IHPA works in partnership with the Australian Government, state and territory governments and other stakeholders. IHPA conducts its work independently from governments, which allows the agency to deliver impartial, evidence‑based decisions. It is transparent in its decision‑making processes, and consults extensively across the health industry.

Extensive consultation with governments and stakeholders informs the methodology that underpins IHPA’s decisions and work program. IHPA has a formal consultation framework in place, to ensure that it draws on an extensive range of expertise in undertaking its functions. Input from stakeholders, through IHPA’s multiple committees and working groups, ensures that IHPA’s work is informed by expert clinical advice, which helps to establish and consolidate IHPA’s credibility throughout the industry.

Performance criteria

  1. Appropriate committees and working groups maintained to support IHPA’s functions.
  2. Public consultation processes conducted in accordance with the National Health Reform Act 2011.
  3. All stakeholder input is appropriately considered.
  4. Inbox enquiries responded to within a two‑week timeframe.
  5. Annual national conference hosted for a broad audience in the health industry.

Source

  • 2019–20 Corporate Plan
  • 2019–20 Work Program

Results against performance criteria

  1. In 2019–20 IHPA maintained up to 18 committees and working groups, to provide expert advice and to ensure the transparency and integrity of the organisation. During the reporting period, IHPA held 78 meetings with the various committees and working groups.
  2. IHPA conducted two public consultation processes in 2019–20, each in accordance with the National Health Reform Act 2011. These included:
    1. Pricing Framework for Australian Public Hospital Services 2020–21 (July 2019)
    2. IHPA Work Program 2020–21 (May 2020)
  3. All submissions received by IHPA, as part of consultation processes, were presented to the Pricing Authority for consideration and published on the IHPA website.
  4. IHPA received 194 inbox enquiries during the reporting period. IHPA responded to 51% within two weeks and to 37% of those on the day of receipt.

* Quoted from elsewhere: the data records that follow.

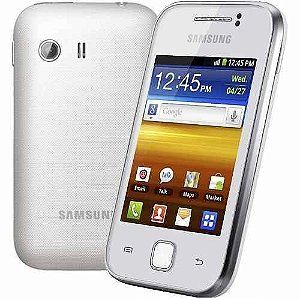 Celular Samsung Galaxy Young S5360 3g Wifi Gps Android 2.3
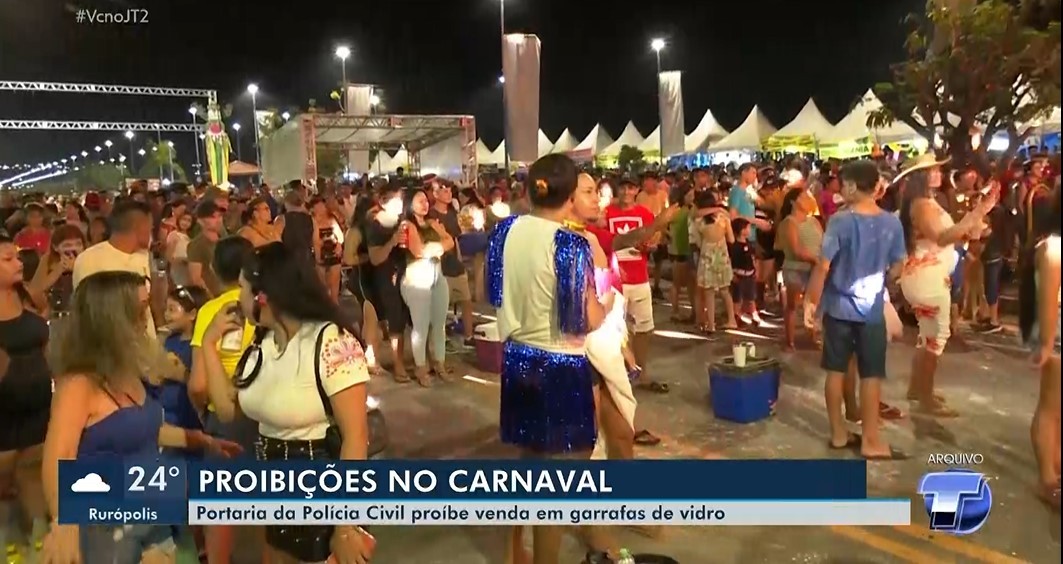 Portaria da Polícia Civil define regras de segurança para o carnaval em Santarém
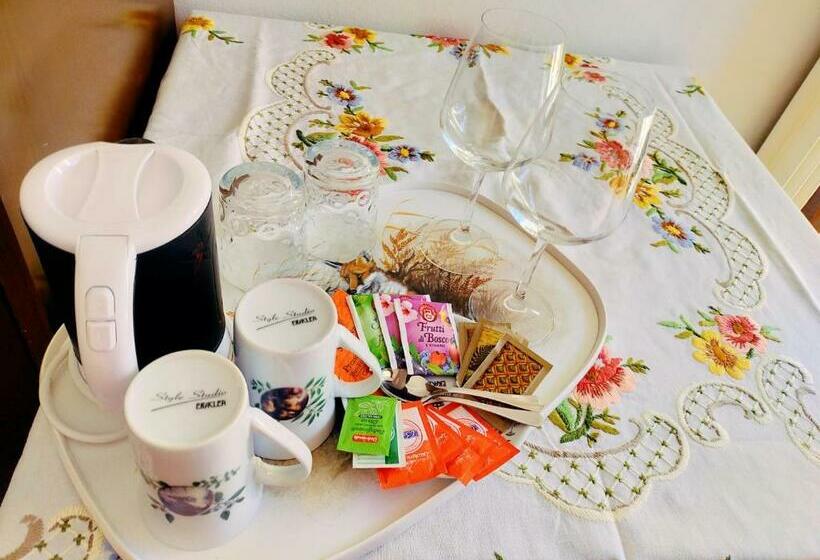 بنسيون Cèsa Cherpei   Dog Friendly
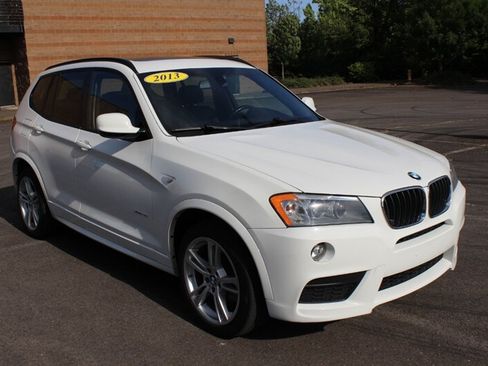 Used 2013 BMW X3 xDrive28i AWD/4WD image 1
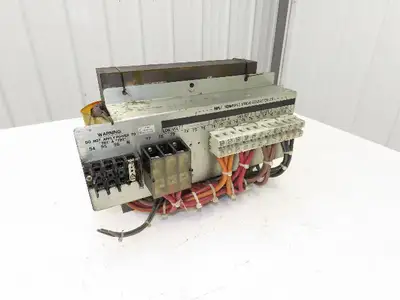 Haas 32-5822A Transformer CNC Power Supply HV 260/195V LV 115/230V 1 & 3PH Rev G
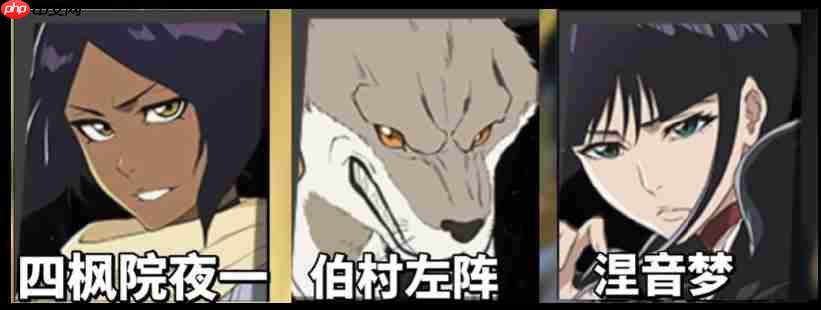 境界刀鸣最强配队指南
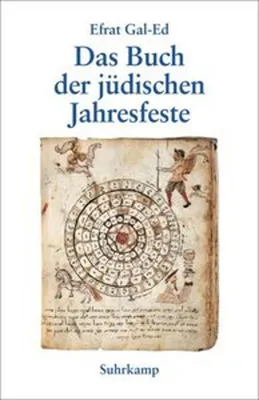 Obrázek produktu pro Das Buch der jüdischen Jahresfeste
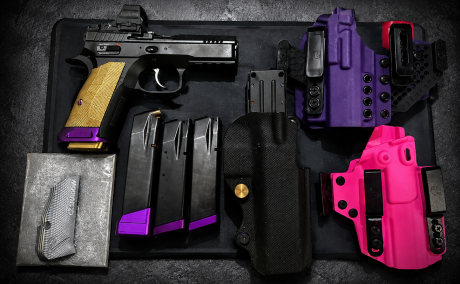 CZ Shadow 2 Compact Competition/Carry Kit , Venta de Armas de fuego en PR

    Response rate to enquiries 1 July 2019 – 30 June 2020

    Total request

    Same day response

    1–7 days

    7–14 days

    15+ days

    194

    72

    82

    17

    23

  5. Delegates at the Activity Funding Conference in 2019 indicated a biennial rather than annual conference would be better suited with their personal and organisational needs. IHPA has taken their feedback on board and decided to hold the event biennially. The next conference will be held in May 2021.